02_Hauptbild Titelstory Carole Parodi_web
Sokrat Sinaj leitet die Forschung zur Düngung von landwirtschaftlichen Kulturen.

Wodurch zeichnet sich ein fruchtbarer Boden aus? Wie lässt sich die Fruchtbarkeit erhalten und erhöhen? Drei Forschungsgruppen von Agroscope nehmen Böden unter die Lupe und entwickeln produktive landwirtschaftliche Methoden, welche die Bodenfruchtbarkeit begünstigen.

Gemüse, Früchte, Getreide, Fleisch, Trinkwasser – 95 % unserer Lebensmittel stammen aus dem Boden. Doch dieser ist nicht nur eine lebenswichtige Ressource für die Landwirtschaft, sondern für unseren ganzen Planeten: Er bietet Pflanzen ein Reservoir von Nährstoffen, gewährt Lebensraum für einen Viertel aller lebenden Arten (Biodiversität), trägt unter anderem mit dem Kohlenstoff-, Stickstoff- und Wasserkreislauf zum Funktionieren von Ökosystemen bei, dient als Filter und Speicher für Wasser und bindet grosse Mengen von Kohlenstoff aus der Atmosphäre (Treibhausgas).

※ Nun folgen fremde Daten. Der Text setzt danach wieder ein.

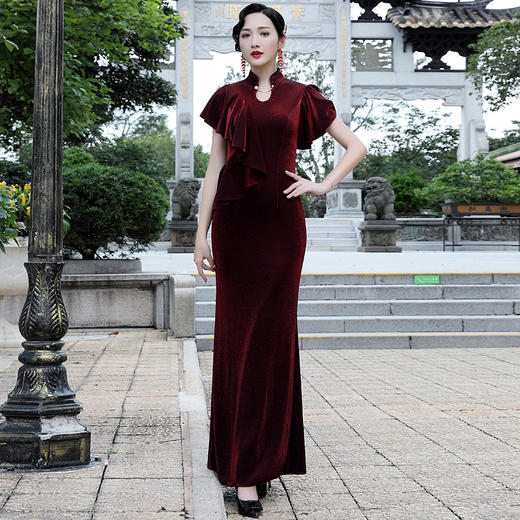 DLQ-L6413收腰显瘦气质复古贵妇人高端洋气裙子 商品图0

In einem Land wie der Schweiz sind landwirtschaftlich nutzbare Böden eine sehr knappe Ressource.

Deshalb ist es wichtig, dass die Landwirtschaft und die Gesellschaft wissen, wie Böden funktionieren und was ihre Fruchtbarkeit fördert.

Genau dieses Ziel hat Agroscope vor Augen, insbesondere mit Forschungsarbeiten in Form von Langzeitversuchen auf Ackerparzellen an den Standorten Changins und Reckenholz sowie mit innovativen Ansätzen hauptsächlich zum Mikrobiom des Bodens.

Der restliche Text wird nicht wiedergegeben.